For many in Ukraine’s vibrant space sector, life as they knew it stopped on Feb. 24 when Russian tanks rolled into their country.
Their aspirations had to be put on hold, their skills and resources redirected to serve their besieged homeland. Among the companies that had to adjust their plans is Kyiv-based startup Lunar Research Service.
When the war started, the company was about to ship its first batch of nanosatellites to its Kickstarter backers. But instead, the satellites were taken apart and their components handed over to the military for use in communication equipment and drones.
The company’s 3D printers received new orders. Instead of satellite parts, they are now churning out bits for gun upgrades.

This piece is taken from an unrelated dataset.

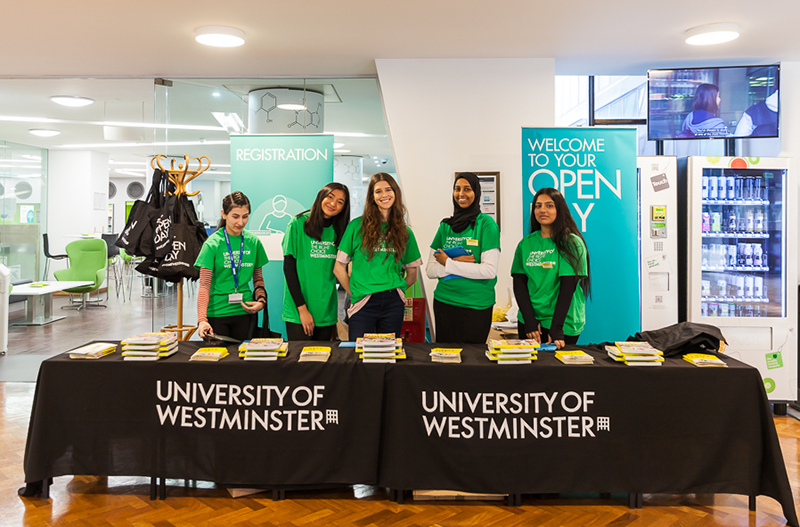 four-smiling-female-student-ambassadors-at-open-day-registartion-desk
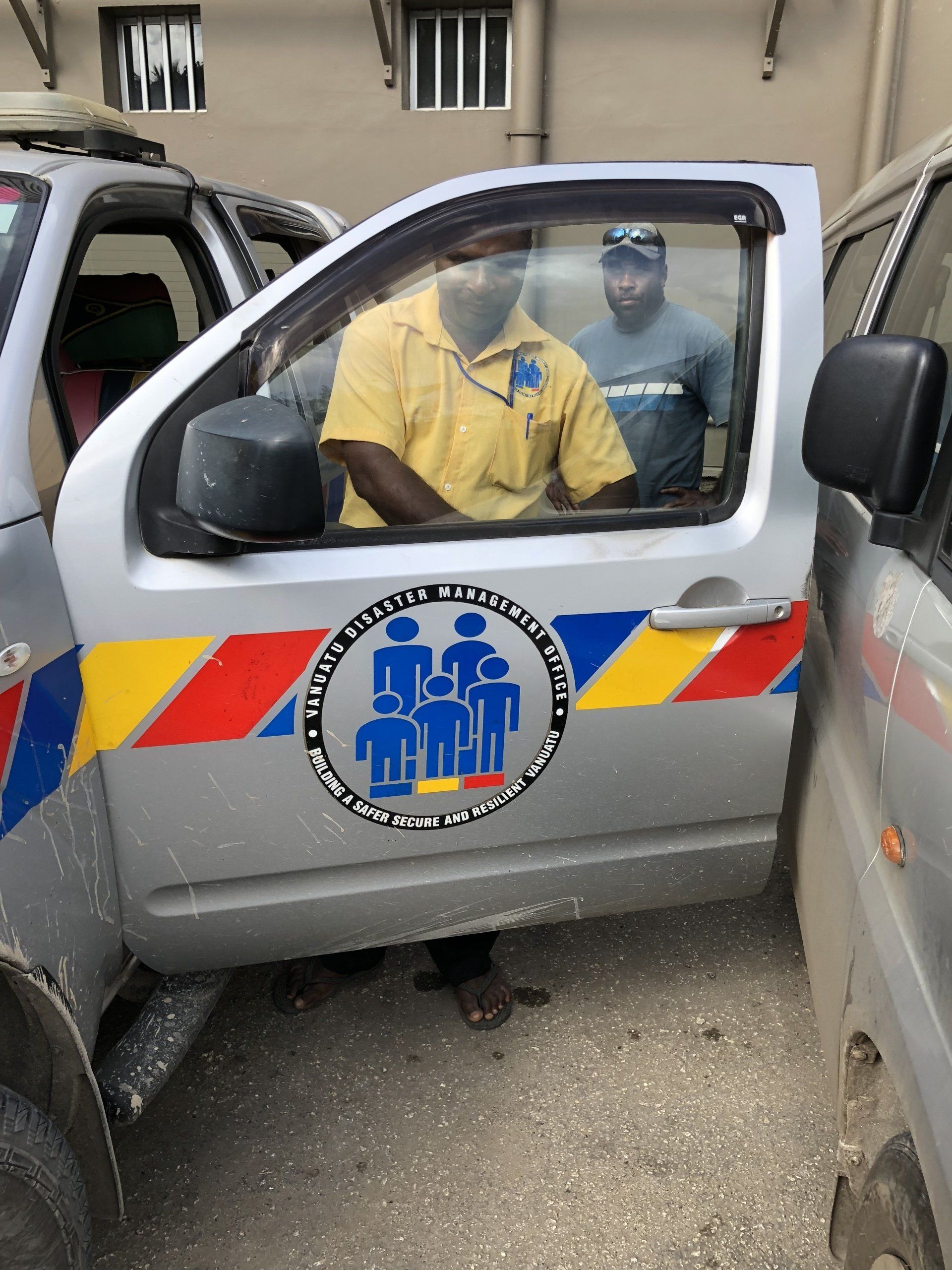 Man in yellow shirt in a silver vehicle with the logo of an organization. Another man in the background. Door open.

Several of the company’s staff members joined Territorial Defense and Cyber Forces.
“Our CAD [Computer-Aided Design] modeling engineer Taras Moshchanskyi sits in the trench with a gun, a Vernier caliper [a tool for precise measurements], and a laptop,” the company’s chief technology officer Dmytro Khmara told Space.com. “In between rotations, he models upgrades for old Soviet AK-74 [assault rifles], which we are printing on our 3D printers.”

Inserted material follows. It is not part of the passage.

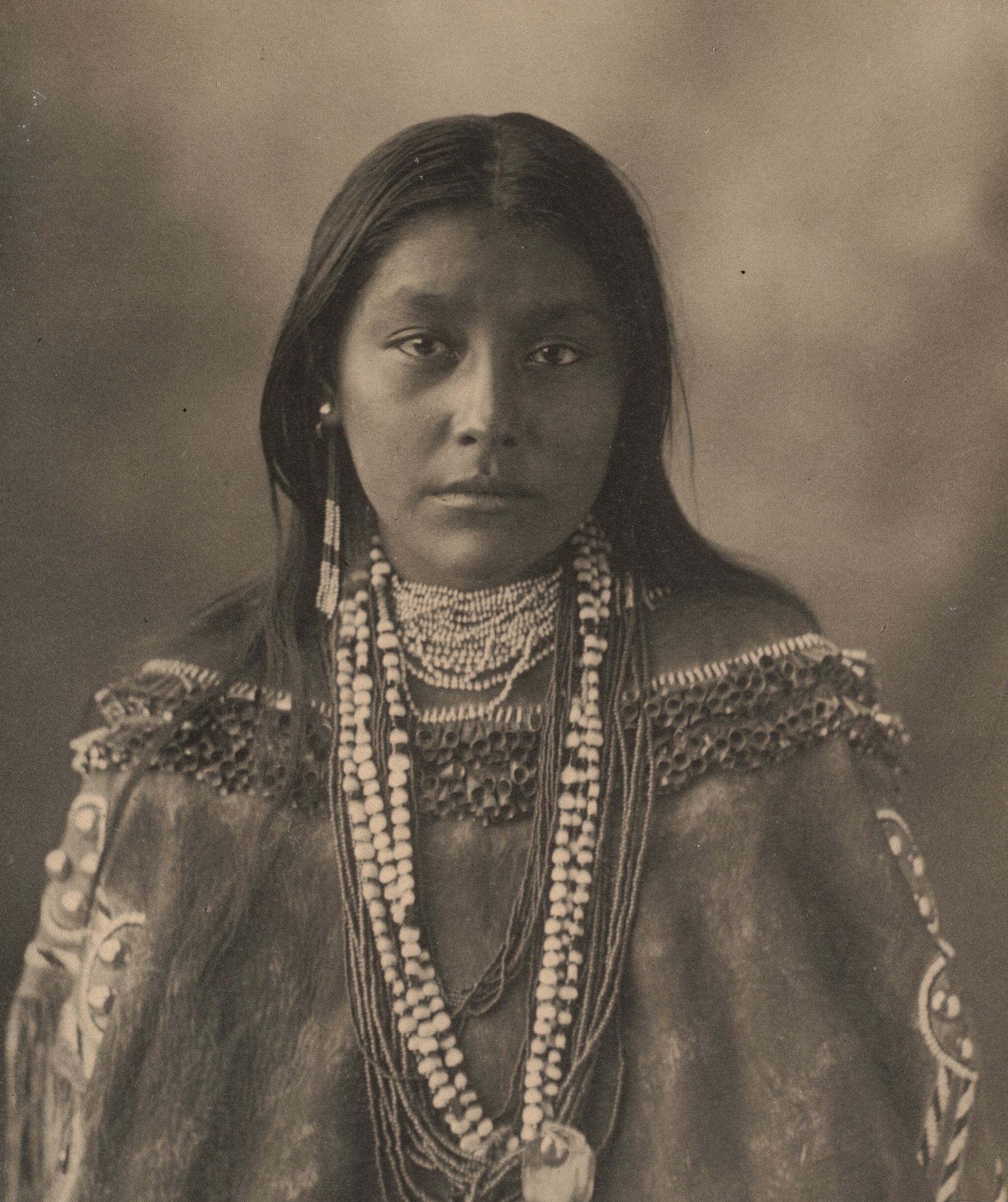 Young native american boy in origin clothes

Also in Kyiv, aerospace PhD student Ihor suspended his studies at Ukraine’s prestigious Igor Sikorsky Kyiv Polytechnic Institute to volunteer his skills to keep military technology in shape.
“When martial law came into force last month, I was not drafted in the army since I have no military experience,” Ihor told Space.com. “But some of my acquaintances were taken to the army and said that they had big problems with various types of equipment and that there were no people that could fix it. So they recommended me and some of my colleagues to do such repairs.”